Five clinical trials

Tukysa is also under study in five clinical trials, including:

  • HER2CLIMB-02 (NCT03975647), a randomized, double-blind Phase III trial evaluating Tukysa in combination with T-DM1 (trastuzumab emtansine; Kadcyla®) versus T-DM1 in first- and second-line metastatic HER2-positive breast cancer.
  • CompassHER2 RD (NCT04457596), a randomized, double-blind Phase III trial of Tukysa in combination with T-DM1 versus T-DM1 in the adjuvant breast cancer setting for patients at high risk of relapse.
  • MOUNTAINEER (NCT03043313), a pivotal Phase II trial evaluating Tukysa in combination with trastuzumab (Herceptin®) in metastatic HER2-positive colorectal cancer.
  • MOUNTAINEER-02 (NCT04499924), a randomized Phase II/III trial evaluating Tukysa in combination with Herceptin, Eli Lilly’s Cyramza® (ramucirumab), and chemo drug paclitaxel versus Cyramza and paclitaxel in second-line metastatic HER2-positive gastric or gastroesophageal junction adenocarcinoma.
  • A Phase I trial (NCT04430738) assessing Tukysa in combination with Herceptin and oxaliplatin-based chemotherapy in metastatic HER2-positive colorectal, gastric/gastroesophageal junction, and gallbladder cancers.

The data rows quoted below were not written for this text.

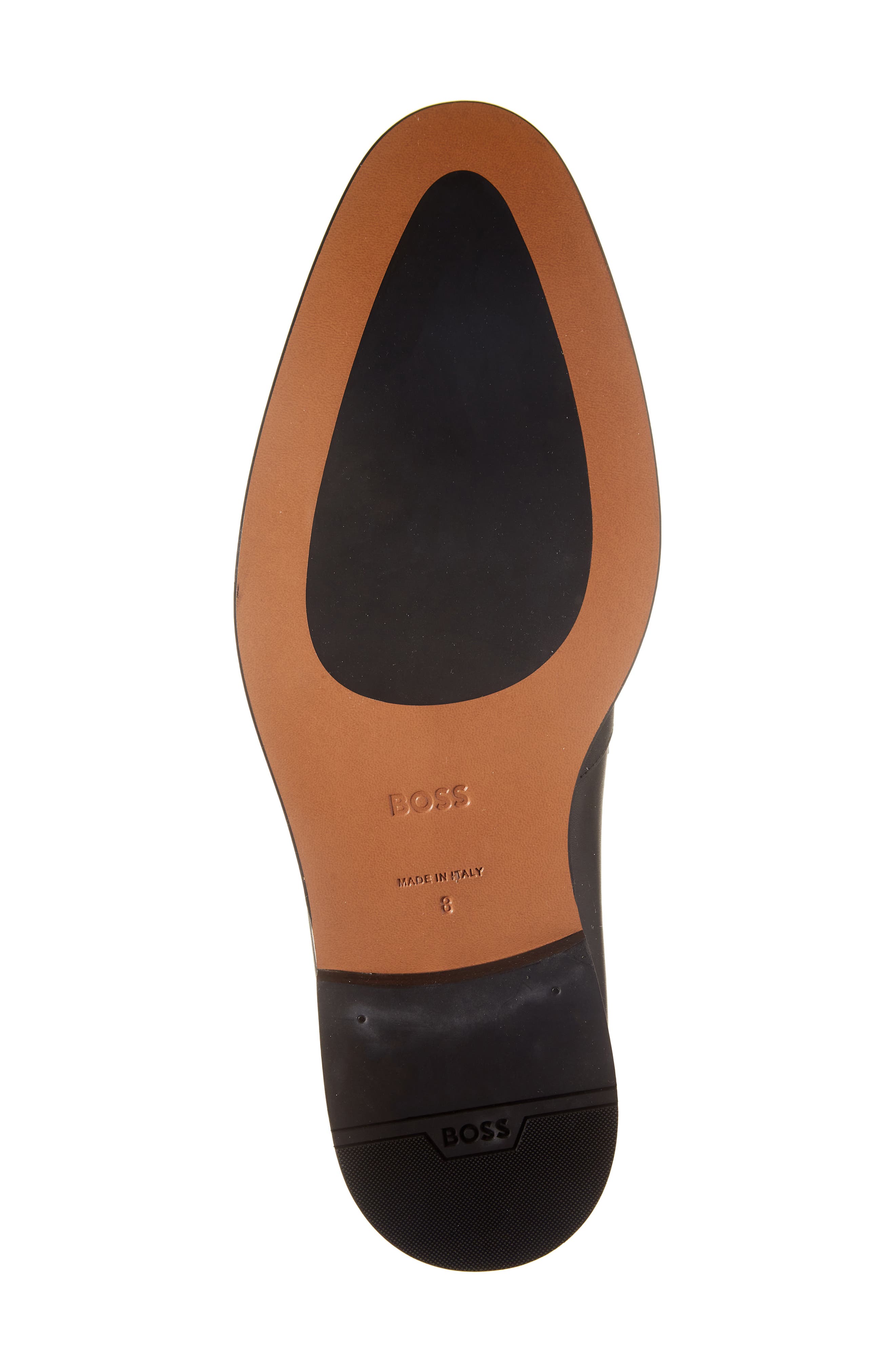 BOSS Derreck Penny Loafer (Men) | Nordstrom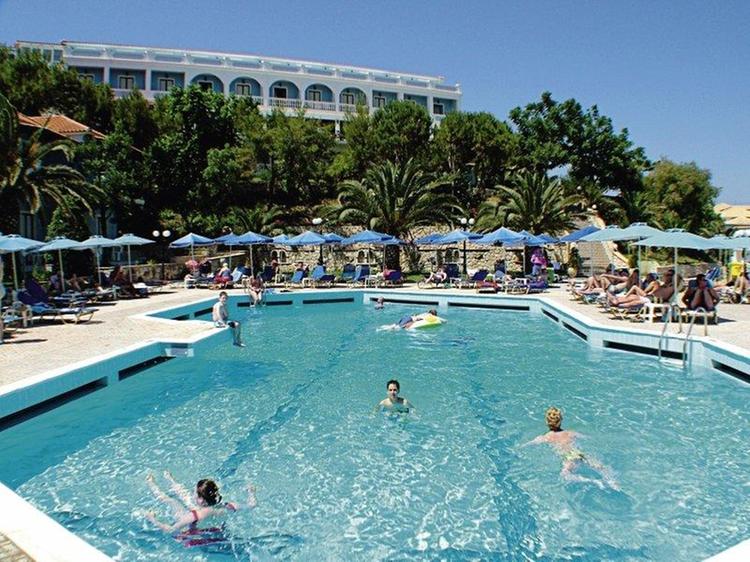 Zájezd SENTIDO Alexandra Beach Resort *** - Zakynthos / Tsilivi - Bazén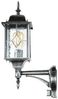 Licht-Erlebnisse Außen-Wandleuchte THOMPSON, ohne Leuchtmittel, Außenwandlampe mit Bewegungsmelder Vintage Design Bild 4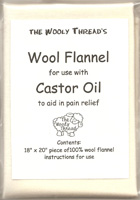 Castor Oil Pack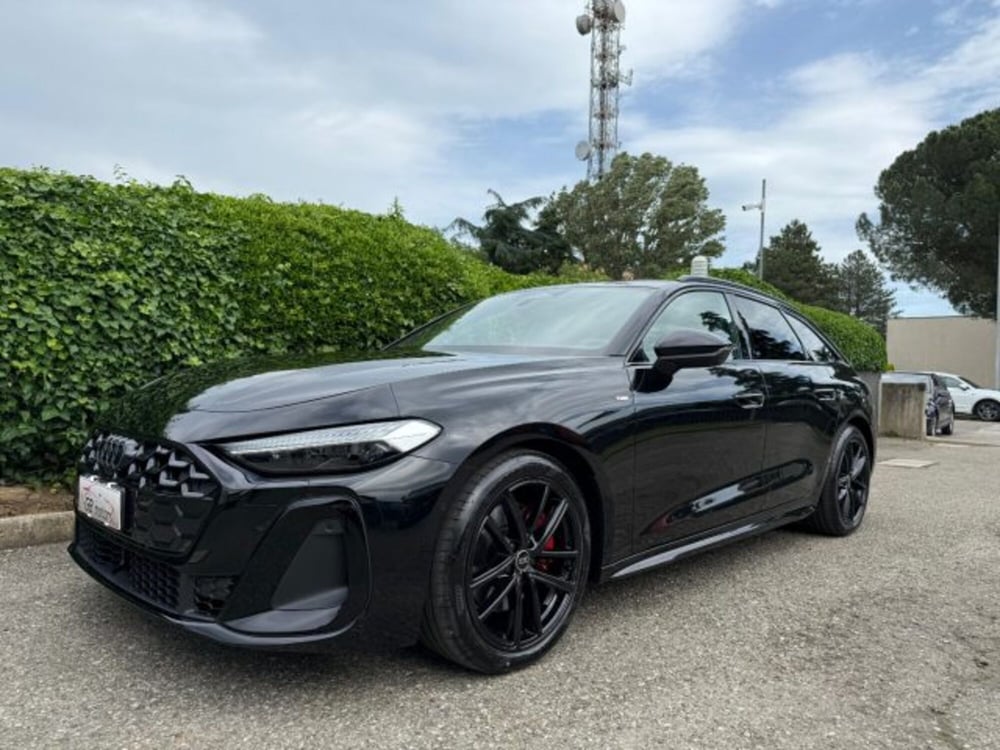 Audi A5 Avant nuova a Bologna (2)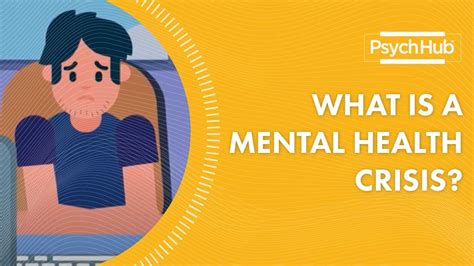 What is a Mental Health Crisis? – Medlancr.com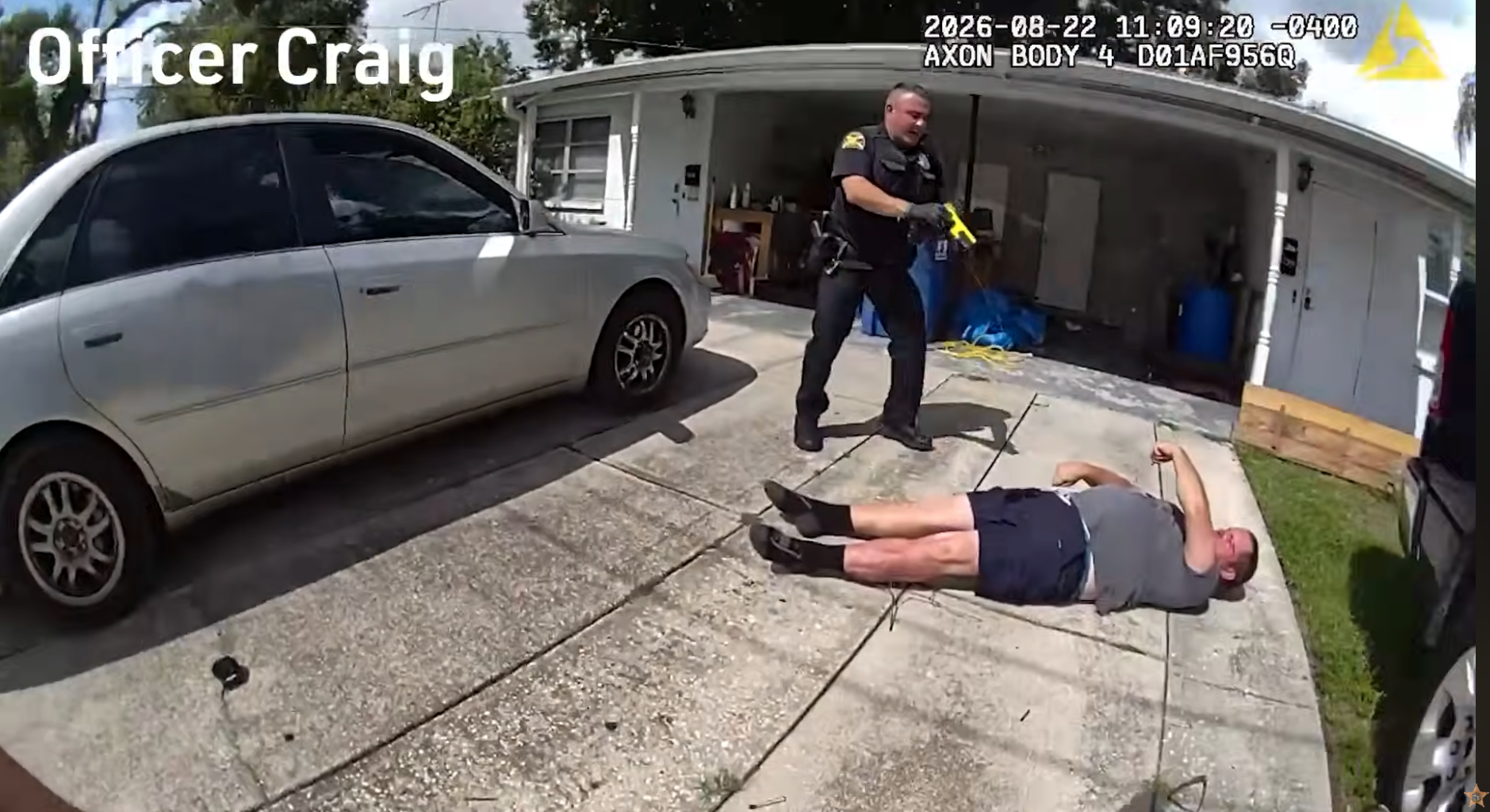 ‘Keep popping him’: Before killing schizophrenic St. Pete man, officers repeatedly tased him as he appeared to comply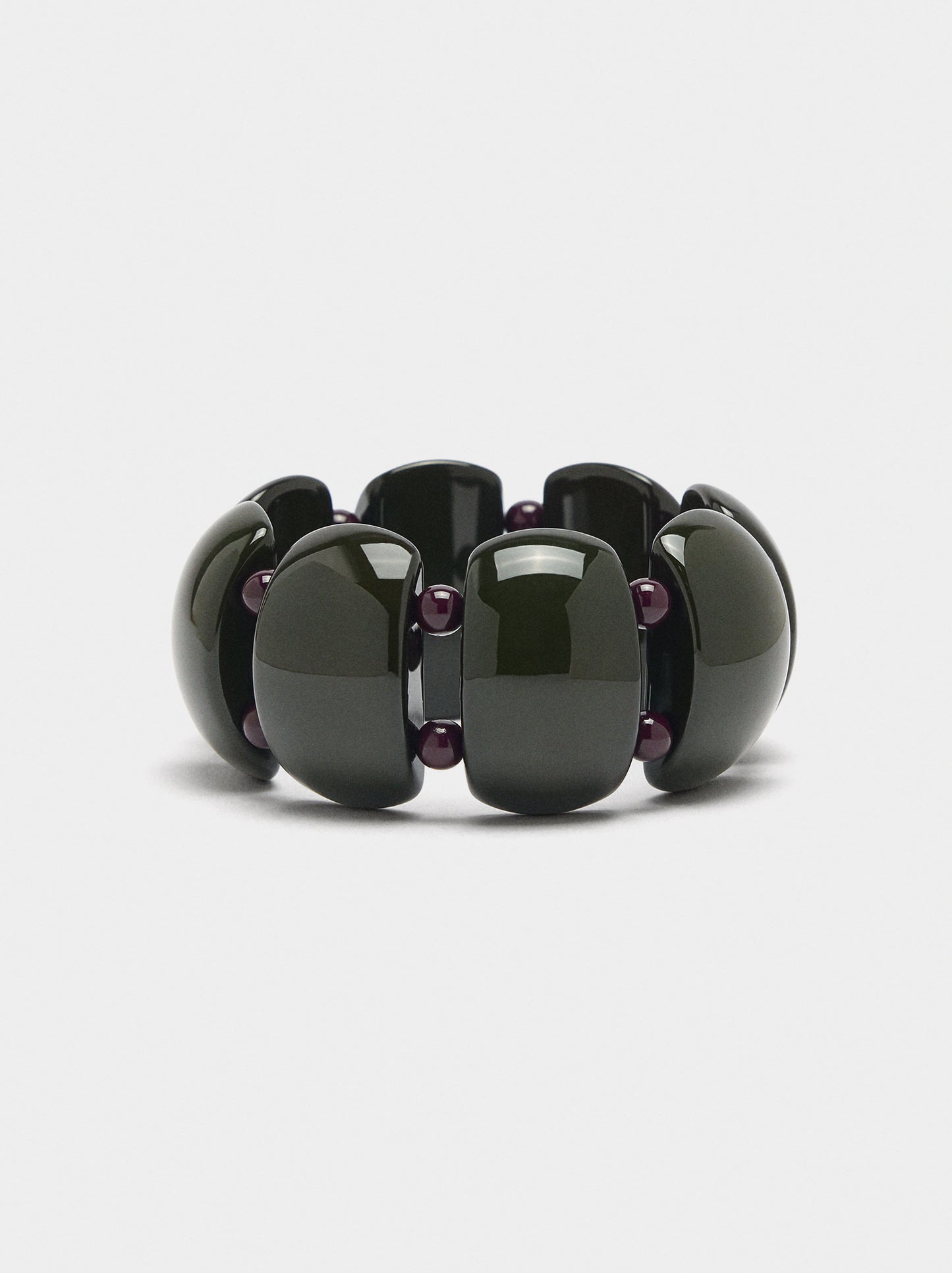 Round Elastic Bracelet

Merck also plans to co-fund a portion of the Tukysa global development plan, which encompasses several ongoing and planned trials across HER2-positive cancers, including breast, colorectal, gastric, and other cancers set forth in a global product development plan.

Seattle Genetics agreed to continue leading ongoing Tukysa global development planning and operational execution. Merck, however, will solely fund and conduct country-specific clinical trials necessary to support anticipated regulatory applications in its territory.

Merck agreed to pay Seattle Genetics $125 million upfront, up to $65 million in payments tied to achieving milestones, and $85 million in prepaid research and development payments. Merck also plans to pay Seattle Genetics tiered royalties on sales of Tukysa in Merck’s territory.

“The strategic collaboration for Tukysa will help us reach more patients globally and benefit from the established commercial strength of one of the world’s premier pharmaceutical companies,” Siegall stated.

Added Roger M. Perlmutter, MD, PhD, president, Merck Research Laboratories: “These two strategic collaborations will enable us to further diversify Merck’s broad oncology portfolio and pipeline, and to continue our efforts to extend and improve the lives of as many patients with cancer as possible.”